I think the pros of shipping outweigh the cons. However, it is up to each person to decide what is best for their business. For me personally, I will never buy an Aldabra from you, not because they aren't great tortoises at a great price, which they are, but because I would have to literally drive almost 2,000 miles round trip. It would be cheaper for me to pay a higher purchase price plus $50 shipping to someone else. That isn't meant as any sort of insult, it just is what it is. 

If I end up down there for some other reason, because I do have family there, that would be another story, but I haven't been there in 15 years, so it really isn't likely.


----------



## John (Apr 5, 2011)

ALDABRAMAN said:


> OK folks, I would like others opinions and thoughts on shipping or not shipping torotises. We have opted to not ship our hatchling aldabras for several reasons, but one I will disclose is that we do not want any issues with delivery. We are fortunate that we have a great customer base and usually sell all of our hatchlings without issue every year. I have had several folks inquire about a hatchling that are located far away and unable to pick one up in person. Most do not understand the no shipping policy, and some even argue. The way we do things, we have never had any conflict with delivery or payment. I understand that most ship inorder to provide to a larger customer base. So, I guess if you take out the needing a larger customer base, what are opinions on shipping regarding to risk vs reward? Also please feel free to expain any positive or negative experiences any of you would like to, to support the pros and cons. Thanks to all.
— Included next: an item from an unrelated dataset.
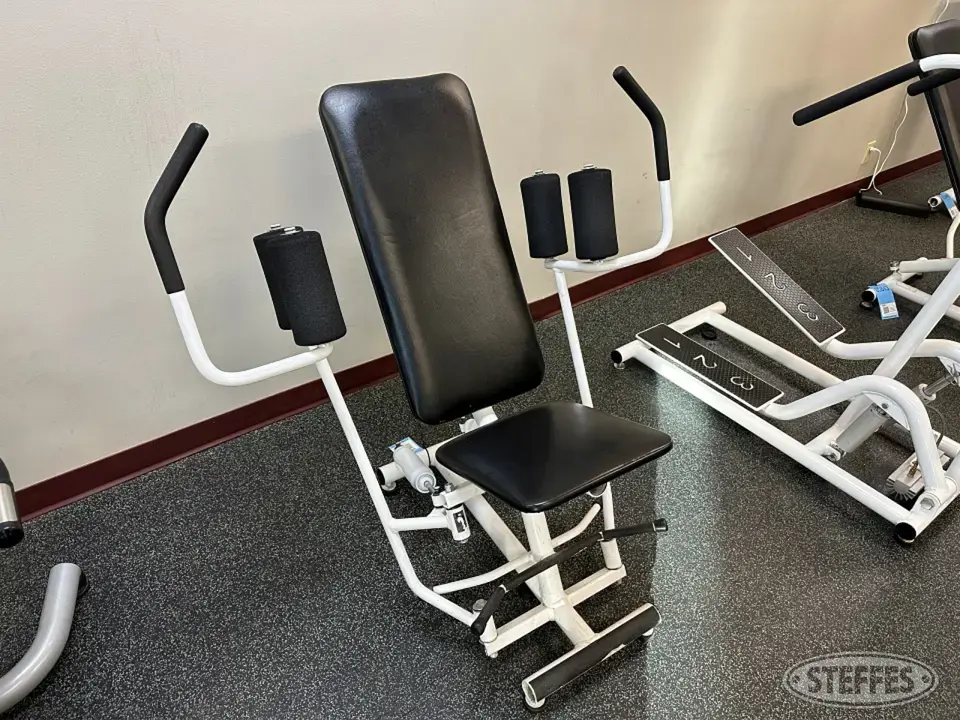 Curves Pec Dec Personal Property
Hey Greg, ship one of those there aldacockers up my way I'll let ya know how the shipping went. DEAL


----------



## terryo (Apr 5, 2011)

If it weren't for shipping, I wouldn't have Pio or Solo. Each person who shipped them to me waited until the weather was perfect before they would ship, and they came in perfect condition. There would have been no way that I could get them otherwise. I've also had quite a few boxies shipped to me, and each came in perfect condition, so I have no problem with shipping. I'm sure there are lots of people here who wouldn't have a tort if it weren't for shipping. But like the man said...if it isn't broke, don't fix it. If you are happy with the way things are going for you, without shipping, then why change things.


----------



## Cherbear (Apr 6, 2011)

I agree, if it works for you, then keep doing it that way. Love your babies by the way. Wished I could have one!
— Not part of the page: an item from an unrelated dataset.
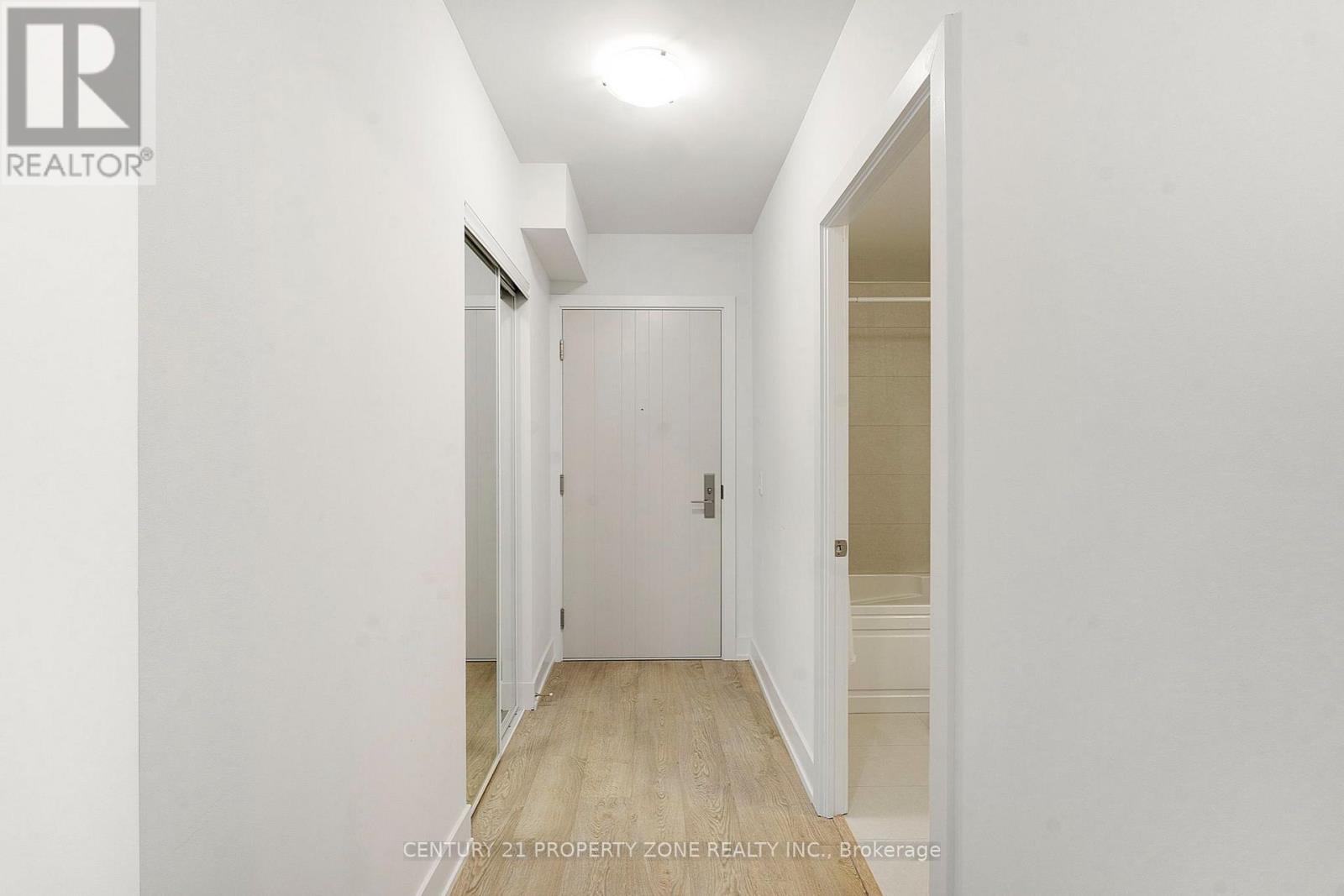 1015 - 2550 Simcoe Street N, Oshawa, Ontario L1L 0R5 - Photo 4 - E13801296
I do hate to have an animal shipped, but glad that some do, cause I wouldn't have my leopard baby otherwise. I'm so in love with him.


----------



## coreyc (Apr 6, 2011)

squamata said:


> ALDABRAMAN said:
> 
> 
> > OK folks, I would like others opinions and thoughts on shipping or not shipping torotises. We have opted to not ship our hatchling aldabras for several reasons, but one I will disclose is that we do not want any issues with delivery. We are fortunate that we have a great customer base and usually sell all of our hatchlings without issue every year. I have had several folks inquire about a hatchling that are located far away and unable to pick one up in person. Most do not understand the no shipping policy, and some even argue. The way we do things, we have never had any conflict with delivery or payment. I understand that most ship inorder to provide to a larger customer base. So, I guess if you take out the needing a larger customer base, what are opinions on shipping regarding to risk vs reward? Also please feel free to expain any positive or negative experiences any of you would like to, to support the pros and cons. Thanks to all.
> ...




aldacockers Is that a new species I mean breed  LOL


----------